ネット上でも悲しみの声が広がっています。
しかしながら生前のすぎやま氏は、様々な差別発言でたびたび世間を騒がしていました。
この記事では、作曲家・すぎやまこういち氏の別の一面について掘り下げていこうと思います。
そこには意外なドラクエとの関連性も垣間見ることができました。
もくじ
その半生が24時間テレビでドラマに!
2022年8月27・28日に日本テレビで放送される24時間テレビで、すぎやま氏の半生を描いたドラマがオンエアされるそうです。
24時間テレビと言えば「感動」が売り物ですから、おそらくすぎやま氏の差別発言などは無かったことにされてしまうのでしょうね…。正直内容はあまり期待はできません。
すぎやま氏の代表作
いまさら言うまでもありませんがすぎやま氏が手がけた作品はあまりにも多く、その影響力は多大なものがあります。
- ドラゴンクエストシリーズ(ほぼすべての楽曲)
- ゴジラvsビオランテ BGM
- 帰ってきたウルトラマン主題歌
- 恋のフーガ(ザ・ピーナッツ)
- 亜麻色の髪の乙女(ヴィレッジ・シンガーズ)
- JRAファンファーレ(東京競馬場、中山競馬場)
その他、著名ミュージシャンへの提供曲や2,000を超えるというCMソングなど多数。

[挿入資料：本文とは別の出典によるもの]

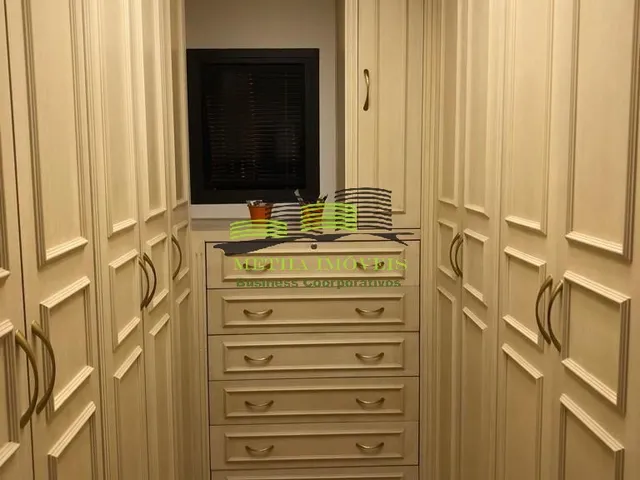 Imagem 7: APARTAMENTO PARA LOCAÇÃO E PARA VENDA EDIFÍCIO TORRE BRANCA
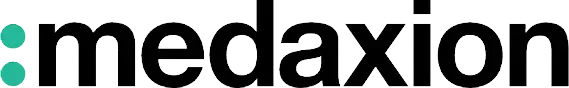 Medaxion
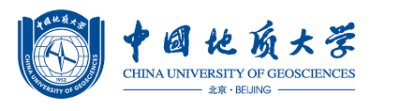 China University of Geosciences Beijing: Admission, Ranking and Campus Life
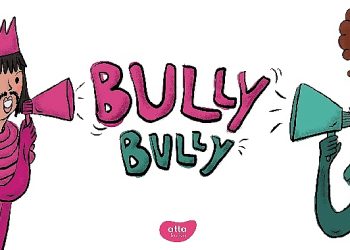 1 Ekim’de Şiddetli PSM’de Çocuklar için Dostluk ve Cümbüş Vakti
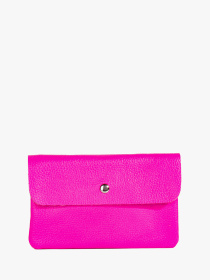 Сумка модель 5533-23-32 Фото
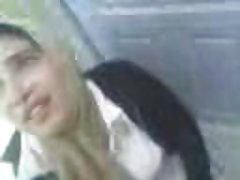 Виртуална среща с Ана Флорес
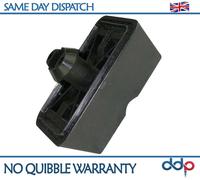 Presa Punto Spina Jack Pastiglia Per BMW 3 6 7 Serie, X3 E83 Z4 E85 E86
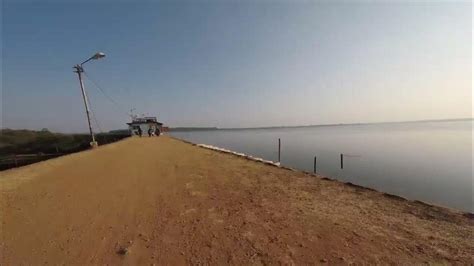 gopro 4k video -03 - YouTube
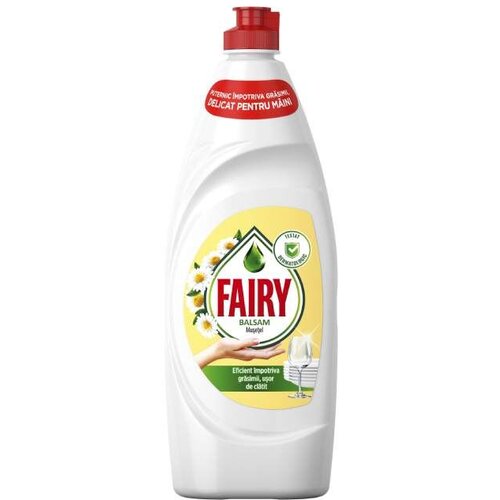 Fairy chamomile 650 ml Cene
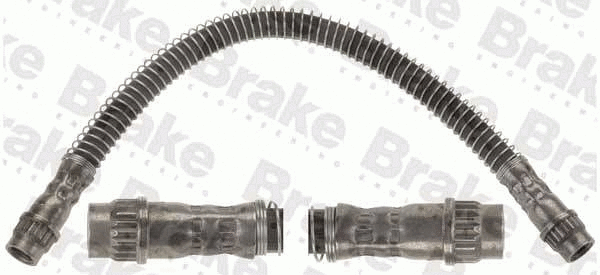Brake Hose (BH770280)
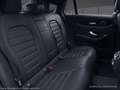 Mercedes-Benz GLC 300 GLC 300 e 4MATIC Coupé  AMG Line Navi/SHD/Styling Grau - thumbnail 8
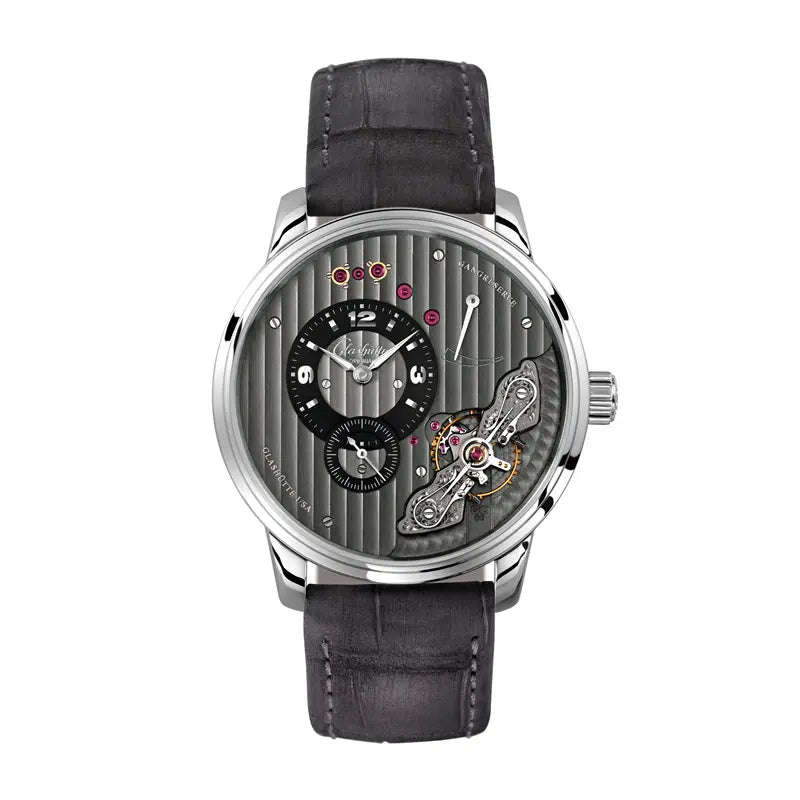 Glashutte Original GLA00347 Style No W16606042205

今年亡くなった小林亜星さんもそうですが、この時代の作曲家の方々の創作意欲というのは一体どうなっていたのでしょうか…。
「ドラクエ」仲間も追悼
共に「ドラゴンクエスト」という稀代の名作を作り上げた堀井雄二氏、鳥山明氏も追悼コメントを発表しています。
堀井雄二氏のコメント全文
すぎやま先生がお亡くなりになりました。先生は35年間、ドラクエの世界に音楽という命を吹き込んできてくださいました。ドラクエは先生の音楽とともにありました。ゲームとともに、ユーザーの皆さんの心の中に、先生は生き続けるでしょう。すぎやま先生、長い間、本当にありがとうございました
鳥山明氏のコメント全文
すぎやま先生の訃報を聞き、驚いています。つい数年前にお会いした時の印象からもいい意味で、永遠の命を持つ魔法使いのように思っていました。ドラゴンクエストのイメージは、当時からゲームが大好きでいらした、すぎやま先生の素晴らしく印象的な数々の名曲によって決定付けられた。と言っても過言ではありません。長くご一緒に仕事をさせていただいて本当に光栄でした!心よりご冥福をお祈りいたします。
すぎやまこういち氏の差別発言
多くの人々がその死を悲しむほどの名作曲家でありながら、すぎやま氏は差別論者としての一面も合わせ持っていました。
その内容をご紹介します。
反LGBT発言に同調
すぎやま氏は2015年7月に放送されたチャンネル桜の「日いずる国より」内の杉田水脈との対談で、杉田氏の反LGBT発言に同調。
↓こちらがそのときの模様です。
動画ではほとんど杉田氏が喋っていますが、同席している男性がすぎやま氏本人であり、杉田氏の意見に相槌を打って同調しているのが確認できます。
この番組での対談の一部を文字起こししてみた
この番組でのすぎやま氏、杉田氏の会話をかいつまんで文字起こししてみます。
杉田「生産性がない同性愛の人達に皆さんの税金を使って支援をする。どこにそういう大義名分があるんですか、っていうことがまず一点なんですしね。これは差別じゃないんです。区別なんですね」
すぎやま「区別、うん」
杉田「多感な思春期の時期に『LGBTの皆さん、どうどうと胸を張って、そんなに縮こまらなくていいですよ。同性愛の人も胸を張っていきましょう』という教育をしたら、どうなりますか。ちゃんと正常に戻っていける部分を、戻っていけなくなってしまいますよね」
すぎやま「決定的なことは、同性愛から子どもは生まれません。これも大きいよね」
すぎやま「性同一性障害は神経科が扱う問題なのか、ホルモン異常なのか、生理的なものなのか2種類あると思う。ぐしゃぐしゃに混ぜてしまうのは間違いだし、その狙いはなんなんだろう。奥に変な狙いがあるかもしれない」
すぎやま「こういった問題に対して、杉田水脈さんががんがん発言してブログが何度も炎上するように書いてください」
(もう1人の参加者が「杉田さんが言ってることって非常にまともですよね」と促したところ)
すぎやま「正論ですよ」
LGBT関連は非常にデリケートな問題ですが、すぎやま氏は一貫してそれを認めない考えを貫いています。
オリンピック開会式でも問題に
実際、これらの発言が問題視されオリンピック開会式ですぎやま氏の楽曲が使用されることに対して批判の声が上がりました。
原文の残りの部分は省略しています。